While No. 1 St. Patrick star thrives, twin brother is in a cell

Tonight, the top two high school basketball teams in the country face off when No. 1 St. Anthony (N.J.) High takes on No. 2 St. Patrick (N.J.) High in an intra-state grudge match. While there will be plenty of national attention and a live webcast covering the game, one of the most important players on the court will have a hard time keeping his mind in the game, just as he always does.

According to the Newark Star-Ledger, there's a good reason for St. Patrick star Derrick Gordon's distraction, too. He's worried about his twin brother, Darryl, who is locked up in a cell at a Youth Correctional center an hour away.

"I've never seen him play a high school game yet," Darryl Gordon told the Star-Ledger. "I was thinking about that the other day. I almost started tearing up."

The Star-Ledger's Matthew Stanmyre paints the gradual separation between the twins as a natural but heartbreaking story of two teens taking different academic paths in high school. Derrick, who chose to break with family tradition and attend St.

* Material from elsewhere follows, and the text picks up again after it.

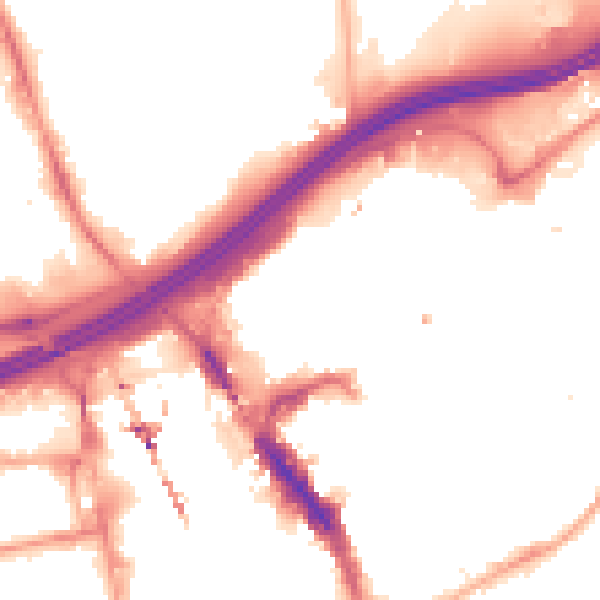 Night-time road noise heatmap for SK1 1PL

Patrick to help his college hoops prospects, now plays for the nation's top-ranked high school team and has signed a letter of intent to play at Western Kentucky University. His brother attended Plainfield, just as the twins' older brother, Mike Gordon, had.

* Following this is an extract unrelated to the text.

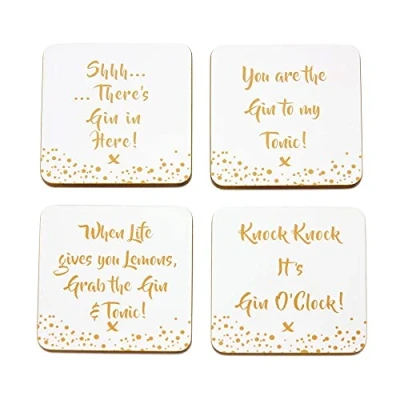 Image of Set of 4 Fun Message / Slogan Coasters &#039;GIN&#039; Themed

While Derrick Gordon scrapped his way up St. Elizabeth's ranks, Darryl Gordon played only a single season on Plainfield's junior varsity team before being convinced his lack of height would keep him from college basketball.

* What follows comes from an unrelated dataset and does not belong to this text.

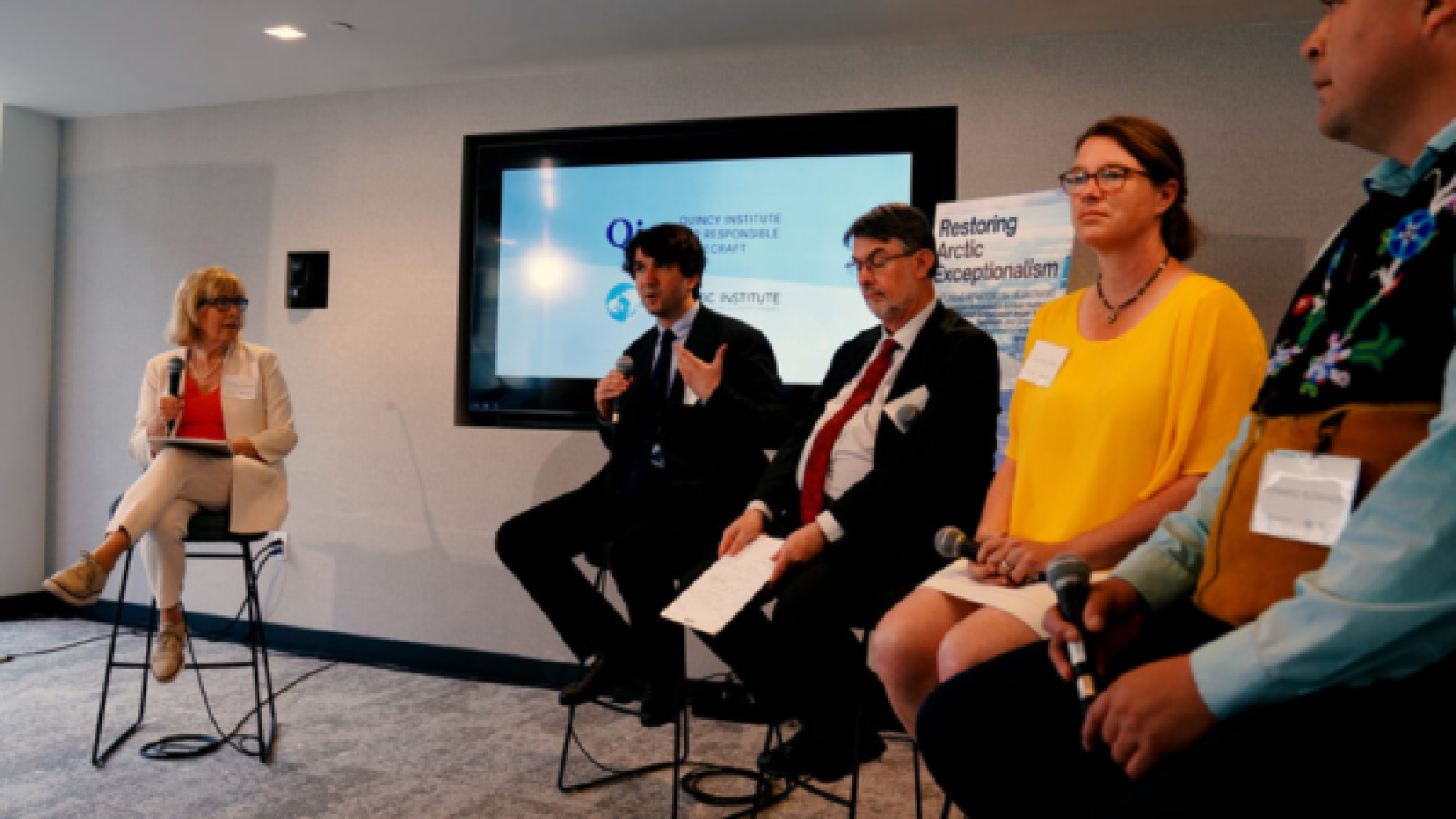 Moderator and 4 experts at Arctic Exceptionalism conference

Without basketball to keep him focused, Darryl Gordon began hanging out in Plainfield's drug-riddled West End. Even near constant monitoring by Derrick Gordon via friends at Plainfield couldn't keep his brother in school, with Darryl walking out altogether during his sophomore year.

Like clockwork, Darryl Gordon became involved in a violent incident a year later. In May 2009, Darryl Gordon pulled out a handgun after an argument and fired a series of shots at the man he was arguing with.

Because his target didn't die, Darryl Gordon was charged with attempted murder, then plea-bargained down to a sentence of just more than five years in jail. He will be incarcerated until at least 2014.

To this day, despite all his success, Derrick Gordon blames himself for his brother's downfall.

"It was my fault because maybe if I were to talk to him a lot more he wouldn't have ended up in the situation that he was in," Derrick Gordon told the Star-Ledger. "I did talk to him but clearly I think it was too late for that. I definitely did try, but only if I would have tried earlier then maybe I would have turned him around."

At the same time, Darryl Gordon's struggles have inspired his brother's play. St. Elizabeth's second-leading scorer, he has a tattoo -- MBK for "My Brother's Keeper" -- that keeps his brother's memory ever-present. He plans to wear Darryl's number 5 at Western Kentucky next year. Perhaps most notably, Derrick claims that each time he takes the court, he's playing to make his brother proud.

"Now I'm really playing for something," Gordon told the Star-Ledger. "Every time I play, I'm playing for him."

On Thursday, he'll be playing for his brother under the brightest lights possible, even if the one person Derrick Gordon wishes was watching most is one of the few who won't be able to.